Object-Relational databases: Definition

Object-relational database management systems combine object and relational technology. These systems puts an object oriented front end on a relational database (RDBMS). Programs that are based on an object oriented programming languages interface to this database as if the data is stored as objects. However, the system will convert these objects into data tables, rows and columns. It will then handle the data in the same way as it handles a relational database.

In the process of retrieving the data, it must be reassembled again from simple data into complex objects. The main benefit to this type of database lies in the fact that the software to convert the object data between a RDBMS format and object database format is provided. Therefore it is not necessary for programmers to write code to convert between the two formats and database access is easy from an object oriented computer language.
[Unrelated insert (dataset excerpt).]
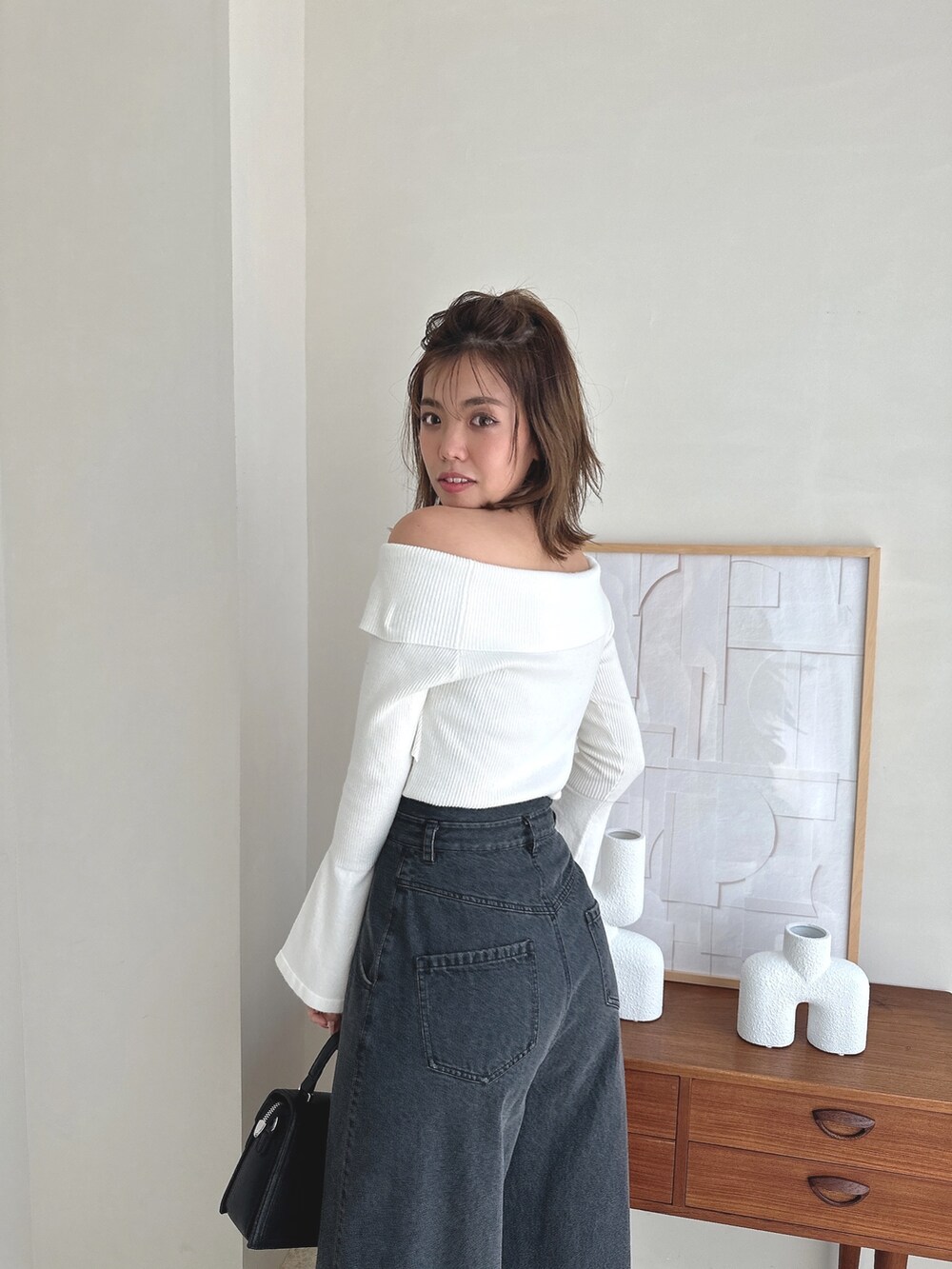 ホワイト系のニット/セーター、ブラック系のデニムパンツ、ブラック系のローファーを着用したレディースの夏コーディネートの6枚目の写真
b. Storing XML in ORDBMS: Motivation

It is widely accepted that XML will be the standard for documents having structural information on the Web. The number of documents and applications that require manipulation of large set of data is growing. Therefore an efficient managing and storing of these XML documents is required. There exist several types of XML storage systems, but most of them use relational DBMSs. Storing XML documents as database records requires a specification of the mapping from the document structures to database schema. Most commercial DBMSs provide such specification languages, but the languages are proprietary and limited to specifying a mapping to relational databases only. Database vendors today offer hybrid systems that combine their relational DBMS and the Object Relational technology as part of the same product. Another important aspect about ORDBMS is that they allow a more expressive type system which coincides with the purpose of XML (user-defined tags => representation of real-world entities).

Mapping XML to ORDBMS

Introduction

The most important part of storing XML is how to map the XML model to OR database model. The object relational mapping strategy models the data in XML documents rather than the documents themselves. As a consequence this kind of mapping is better suited for data-centric documents. Another important characteristic of this mapping is that it is bidirectional: that is, it can be used to transfer data both from XML documents to the database and from the database to XML documents. As a result we can use canonical mappings where XML query languages can be built over non-XML databases. The canonical mappings will define virtual XML documents that can be queried with something like XQuery. Another important feature of this mapping is that it allows data binding which are the marshalling and the unmarshalling of data between XML documents and objects.

Mapping Schemas

Mapping DTDs to Object Schemas

Some conventions that make the analogy between XML data types and an object programming language data types and impose in the mapping are:

Simple elements and attributes are mapped to scalar data types (single value data types).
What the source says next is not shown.